*** Block opens ***

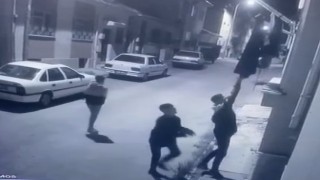Balkonda asılı çamaşırları çalarak kaçtılar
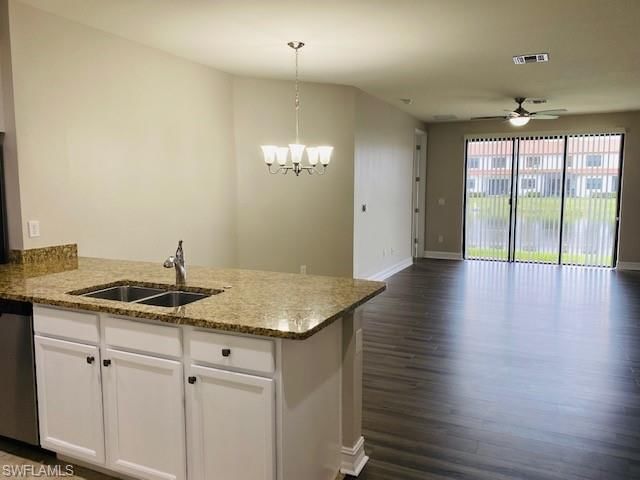 7944 BRISTOL CIR photo 3
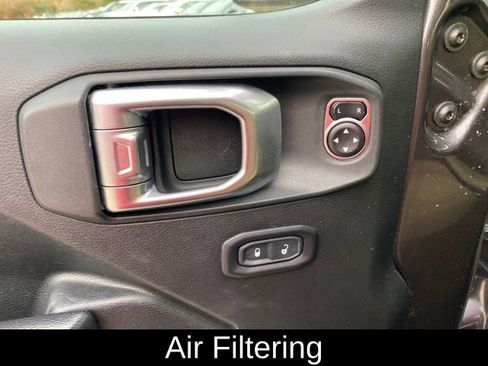 Used 2018 Jeep Wrangler Unlimited Sport S image 19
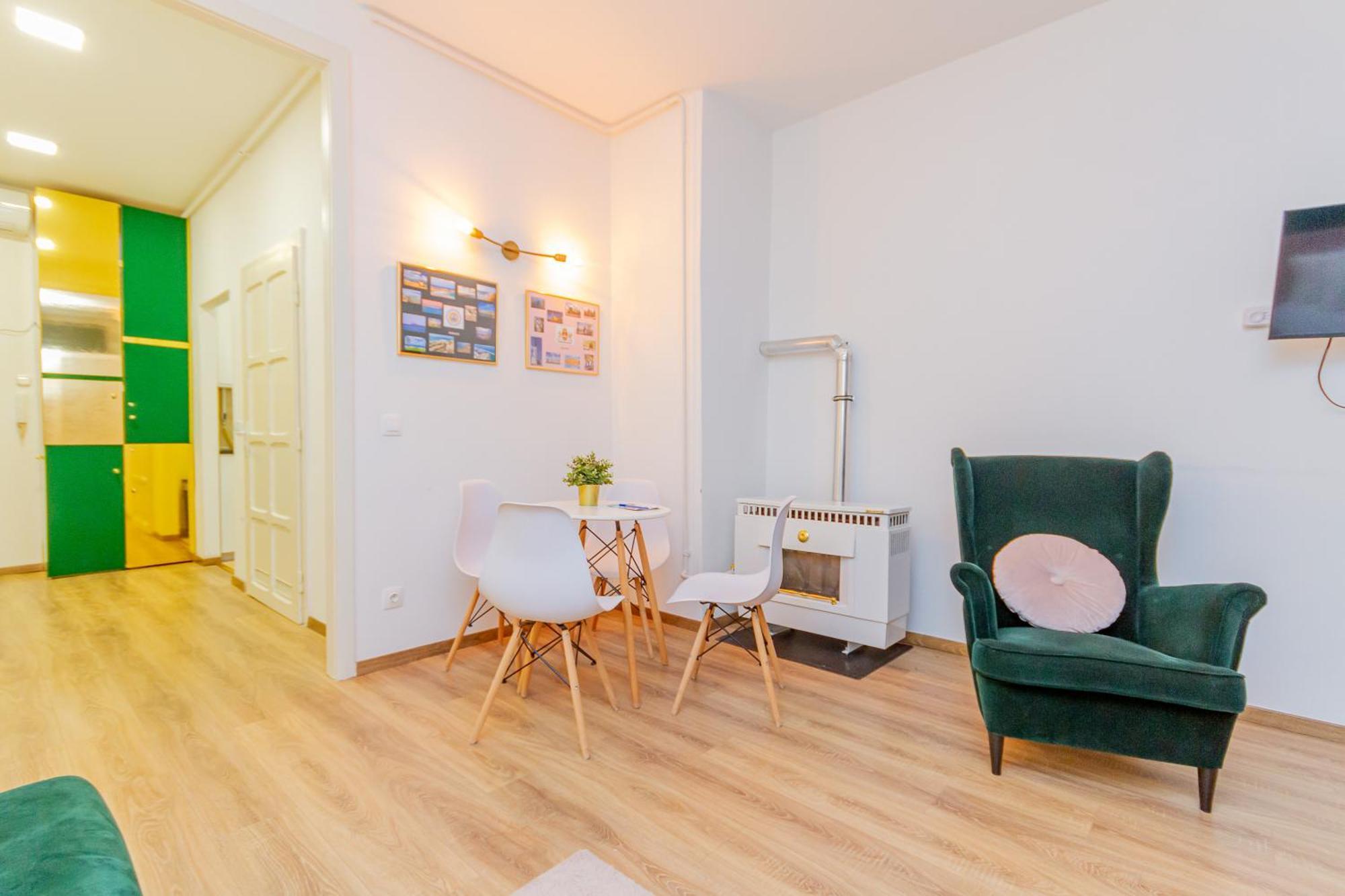Rothapartments'alice Апартаменти *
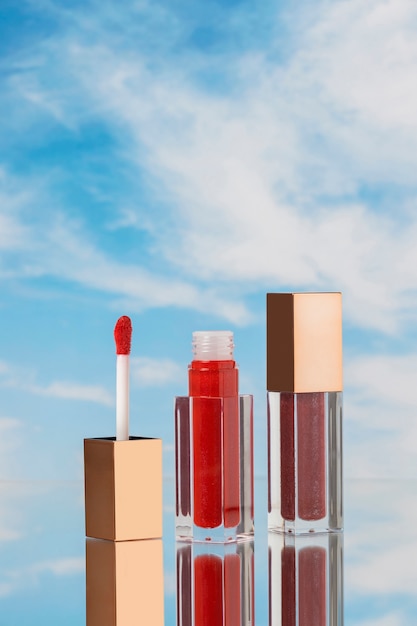 Gloss de lábios vermelho com fundo de céu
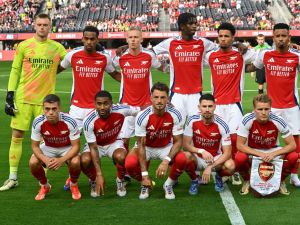 Arsenal FC's players pose ahead of the pre-season club friendly football match between Manchester United FC and Arsenal FC at SoFi Stadium in Inglewood, California on July 27, 2024. (Photo by Patrick T. Fallon / AFP)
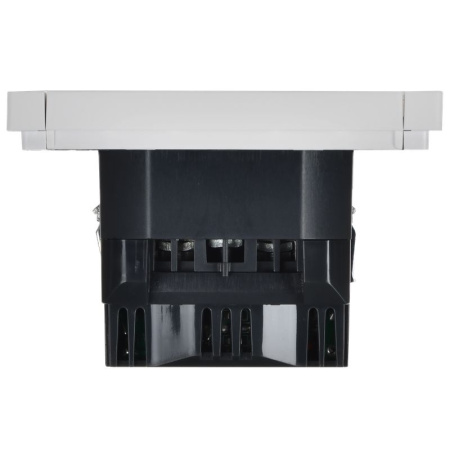 Фортепиано белый розетка скрытая 1-мест заземление шторки USB IP20 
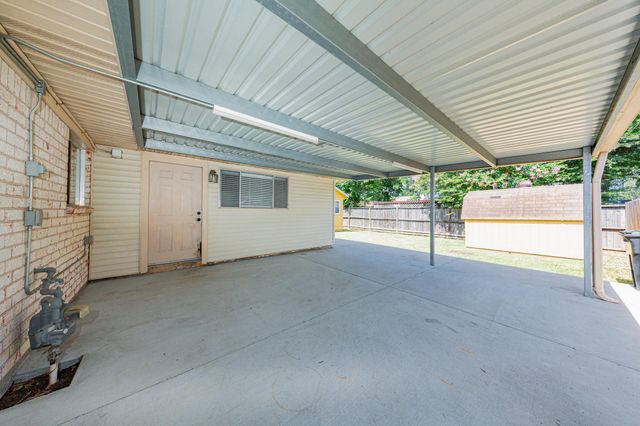823 Parkhill Street, Channelview, TX 77530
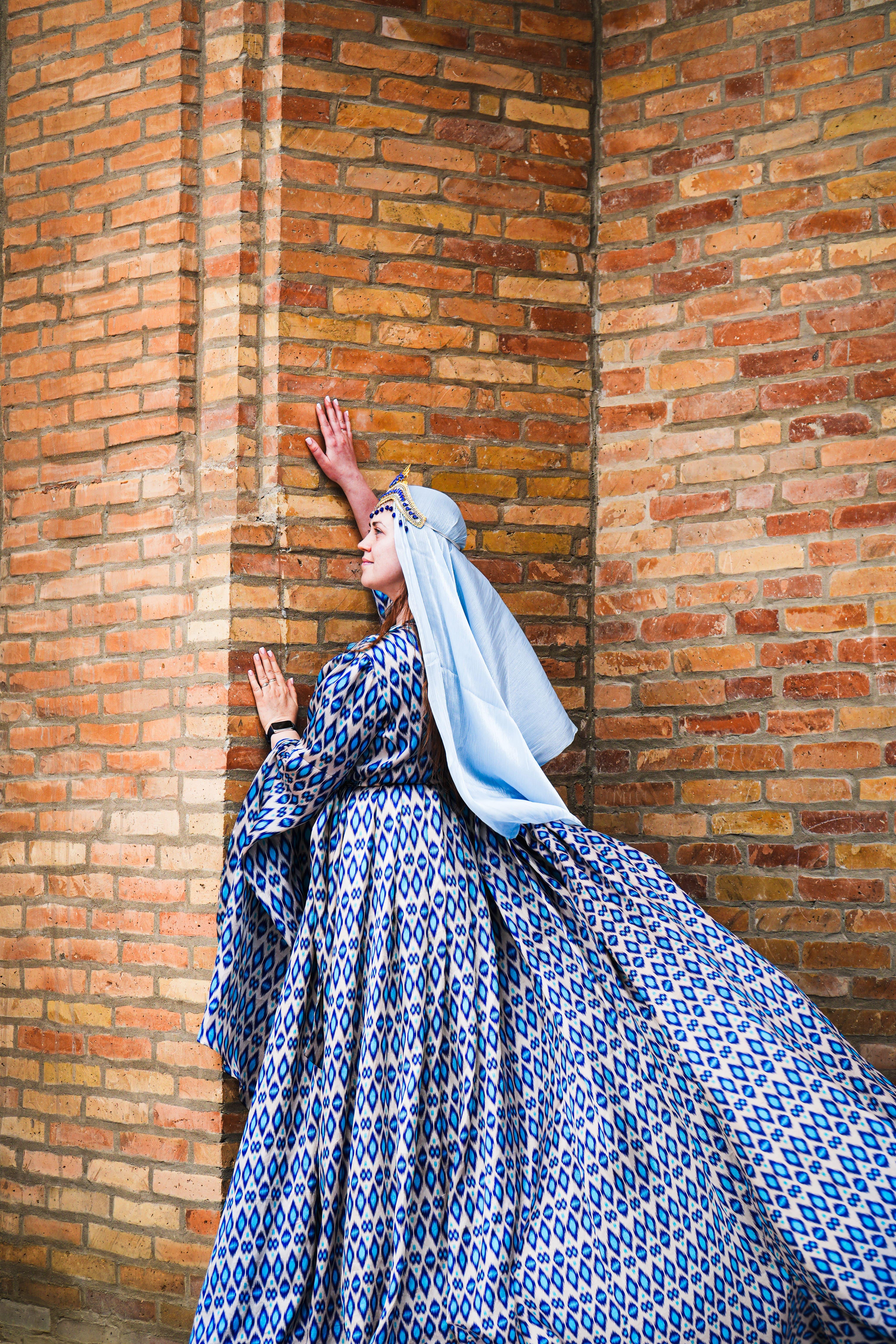 Uzbekistan: Flying & Cultural Dress Photoshoot 3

*** Block closes ***

◆ Exercise directions: Retype nothing except the lines from the first line of the listing above through the line with "823 Parkhill Street, Channelview, TX 77530", exactly as they stand, and no pictures.

◆ Exercise response:
Balkonda asılı çamaşırları çalarak kaçtılar
 7944 BRISTOL CIR photo 3
 Used 2018 Jeep Wrangler Unlimited Sport S image 19
Rothapartments'alice Апартаменти *
 Gloss de lábios vermelho com fundo de céu
 Arsenal FC's players pose ahead of the pre-season club friendly football match between Manchester United FC and Arsenal FC at SoFi Stadium in Inglewood, California on July 27, 2024. (Photo by Patrick T. Fallon / AFP)
 Фортепиано белый розетка скрытая 1-мест заземление шторки USB IP20 
823 Parkhill Street, Channelview, TX 77530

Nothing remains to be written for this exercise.